Bir de, yenice öğrendim, bu “tıklamalar” sayılıyor ve ona göre birtakım değer yakıştırmaları yapılıyormuş; piyasanın işleyişi böyleymiş. Ama, benim bu başlığım bu tür bir fayda sağlamaz; çünkü, bu dağcı dediğimiz sporcuların sayısı, nasıl denir, sağdan say on, soldan say on beş kişidir.

Aslında, geçen Cuma yazımın sonuna, Uludağ’da ölen dağcı çocuklarımızı gündeme getiren, daha çok da bu dağcılık işleri ile ilgili itirazlarımı özetlemeye çalışan uzunca bir not eklemiştim. Yazının kendisi uzayınca, ayrıca Parti’nin konuyla ilgili açıklamasını da görünce, vazgeçtim.

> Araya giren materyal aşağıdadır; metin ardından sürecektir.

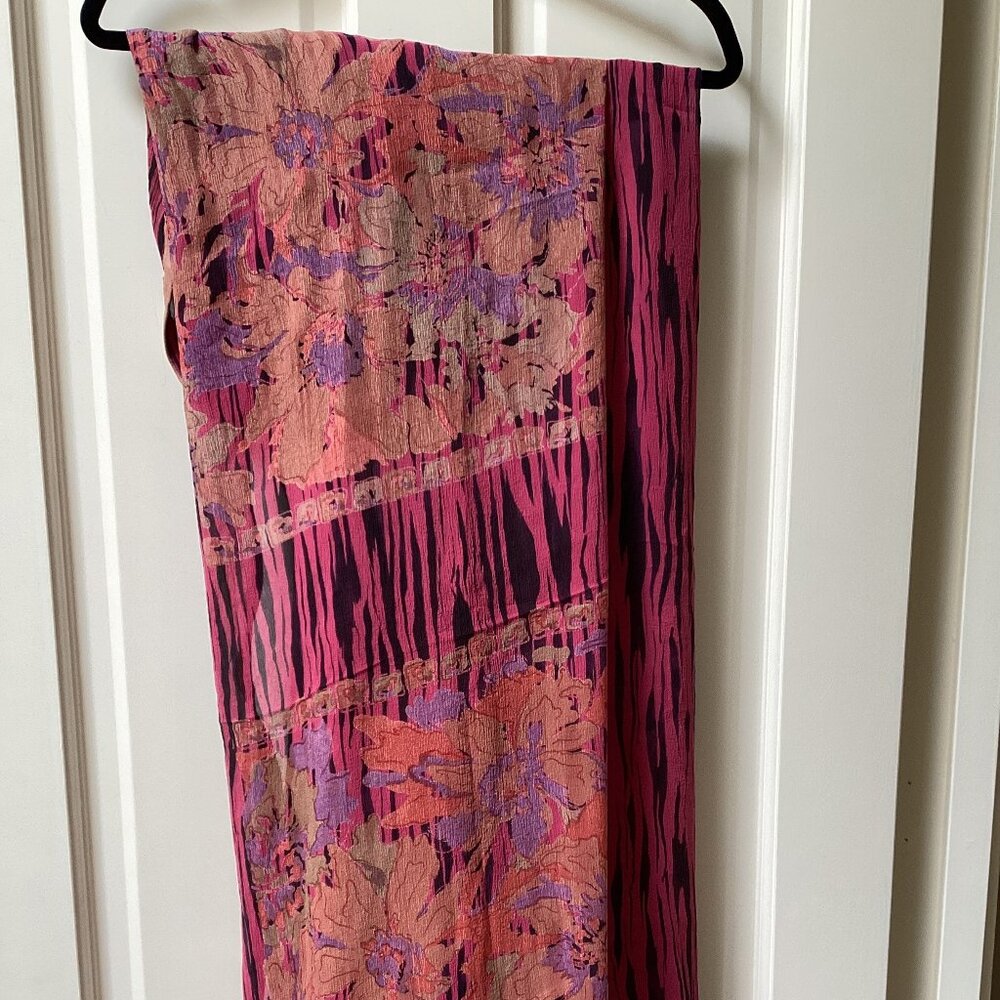Red, rose, lavender, beige flowered scarf shawl, very large, 44" x 88"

İki nedeni vardı o notun: Birincisi, dağcılık konusuna kıyısından köşesinden bulaşmıştım. Yanlış anlaşılmasın; izlemek, okumak, düşünüp kafa yormak anlamında değil; eylemli olarak katılmak anlamında hiç değil. Sadece bazen bu işi ciddi ciddi yapanlarla konuşur, ileri geri söylenmeyi de ihmal etmezdim. İkincisi, Uludağ’da kalan o çocuklarla ilgili bilgiyi, bir rastlantı sonucu, birçok kişiden çok daha önce almıştım. Rastlantı şuydu: Tümüyle farklı bir konuyla ilgili olarak telefonla aradığım, çok eskiden beri yoldaşım Hasip Akgül, “Ne haber, ne var yok?” biçimindeki selam sabah soruma karşılık, “İyi sayılırız da, abi, canımız sıkkın” diyerek iki arkadaşlarının dağda kaybolduğu haberinden söz etmişti.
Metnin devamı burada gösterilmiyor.